One of the blogs which I regularly read is "The Mexile". It is written by Gary Denness, an Englishman who lived and worked for a number of years in Mexico City. During the time he was in Mexico he wrote on his blog about "hidden treasures" of Mexico City, places that are not on the typical tourist track. One of those treasures was Tezozómoc Park. On Saturday afternoon Alejandro and I visited the park.
Tezozómoc Park is located in the gritty, industrial district of Azcapotzalco, but just a short distance from the very upscale neighborhood of Ciudad Satélite. The park was opened in 1982. The major point of interest is the large pond which is shaped like Lake Texcoco, the lake which in pre-Hispanic times covered much of the Valley of Mexico. Along the pathway which encircles the pond there are signs which give the location and history of the towns and landmarks (like Xochimilco and Chapultepec) which once stood along the shores of Lake Texcoco.
The pond is home to a large number of ducks, who are very well fed by the visitors. (I have to wonder, however, if popcorn is a good diet for ducks!)
I was thinking of Gary Denness, "the Mexile", when I took this picture. Gary loves turtles, and, if I recall correctly, in his blog he mentioned the turtle population of the park. However, this is the only turtle I saw.
Many times I have been to Chapultepec Park in Mexico City, and the Retiro Park in Madrid, yet I have never rented one of the boats to go out on their ponds. Here at Tezozómoc Park Alejandro and I rented a "pedal boat", and spent a very relaxing hour on the pond.
In the center of the pond is a small island which represents the spot where the Aztecs built their capital. According to Aztec mythology, their god had told them that they should settle where they saw an eagle, perched on a cactus, devouring a serpent, On an island in the middle of Lake Texcoco, the Aztecs supposedly saw that omen. There they built their city of Tenochtitlán, present day Mexico City.
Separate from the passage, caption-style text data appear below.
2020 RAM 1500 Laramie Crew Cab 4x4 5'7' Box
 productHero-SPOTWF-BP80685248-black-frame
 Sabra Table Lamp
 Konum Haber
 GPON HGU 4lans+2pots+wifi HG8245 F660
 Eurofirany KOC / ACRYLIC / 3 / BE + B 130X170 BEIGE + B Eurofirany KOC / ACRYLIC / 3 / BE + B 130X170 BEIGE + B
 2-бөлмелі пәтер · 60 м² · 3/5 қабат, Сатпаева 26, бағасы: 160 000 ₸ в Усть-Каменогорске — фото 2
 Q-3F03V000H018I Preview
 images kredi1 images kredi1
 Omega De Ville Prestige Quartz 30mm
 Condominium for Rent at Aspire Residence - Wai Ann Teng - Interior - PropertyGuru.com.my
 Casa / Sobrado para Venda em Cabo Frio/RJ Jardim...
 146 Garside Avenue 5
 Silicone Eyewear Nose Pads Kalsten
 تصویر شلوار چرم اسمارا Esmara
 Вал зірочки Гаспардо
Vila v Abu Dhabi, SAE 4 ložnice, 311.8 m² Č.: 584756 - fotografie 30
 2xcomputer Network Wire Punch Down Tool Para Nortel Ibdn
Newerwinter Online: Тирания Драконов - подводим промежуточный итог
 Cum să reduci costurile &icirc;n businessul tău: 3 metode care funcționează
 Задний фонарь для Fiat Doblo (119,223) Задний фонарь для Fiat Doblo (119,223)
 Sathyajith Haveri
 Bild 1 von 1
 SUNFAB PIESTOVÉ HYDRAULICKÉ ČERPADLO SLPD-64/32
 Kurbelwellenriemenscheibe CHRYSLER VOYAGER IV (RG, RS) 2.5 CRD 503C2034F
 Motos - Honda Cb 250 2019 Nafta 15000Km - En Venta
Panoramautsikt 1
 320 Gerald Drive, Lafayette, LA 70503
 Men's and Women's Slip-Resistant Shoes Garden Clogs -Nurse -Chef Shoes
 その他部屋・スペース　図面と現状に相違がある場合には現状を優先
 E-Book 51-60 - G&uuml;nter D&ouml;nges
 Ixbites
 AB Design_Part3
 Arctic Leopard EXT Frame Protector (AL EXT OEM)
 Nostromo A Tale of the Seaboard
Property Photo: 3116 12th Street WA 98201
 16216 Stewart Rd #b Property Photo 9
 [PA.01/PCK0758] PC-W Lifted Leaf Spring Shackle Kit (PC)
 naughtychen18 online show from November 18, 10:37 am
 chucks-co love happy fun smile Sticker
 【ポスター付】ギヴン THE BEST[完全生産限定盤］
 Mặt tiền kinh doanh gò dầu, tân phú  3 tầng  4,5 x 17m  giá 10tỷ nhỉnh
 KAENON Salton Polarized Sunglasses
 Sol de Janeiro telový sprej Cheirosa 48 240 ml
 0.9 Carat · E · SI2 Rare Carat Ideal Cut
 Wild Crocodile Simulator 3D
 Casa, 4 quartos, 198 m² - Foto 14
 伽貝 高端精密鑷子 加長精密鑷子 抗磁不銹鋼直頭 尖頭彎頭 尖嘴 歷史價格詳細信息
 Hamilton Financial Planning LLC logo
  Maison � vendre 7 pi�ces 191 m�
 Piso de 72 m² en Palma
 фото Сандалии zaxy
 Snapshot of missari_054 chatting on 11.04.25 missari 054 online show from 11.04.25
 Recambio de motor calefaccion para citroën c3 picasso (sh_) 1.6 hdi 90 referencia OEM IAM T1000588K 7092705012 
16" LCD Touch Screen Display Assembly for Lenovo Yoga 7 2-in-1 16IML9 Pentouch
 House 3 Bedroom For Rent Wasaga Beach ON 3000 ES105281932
The eagle and the serpent are also the national emblem of the country and appear on the Mexican flag.
On the little island in the park pond, there are statues representing the legendary founding of Tenochtitlán.
Tezozómoc Park is certainly not one of the leading attractions of the Mexico City, but Alejandro and I, along with hundreds of local families, spent a very pleasant Saturday afternoon here.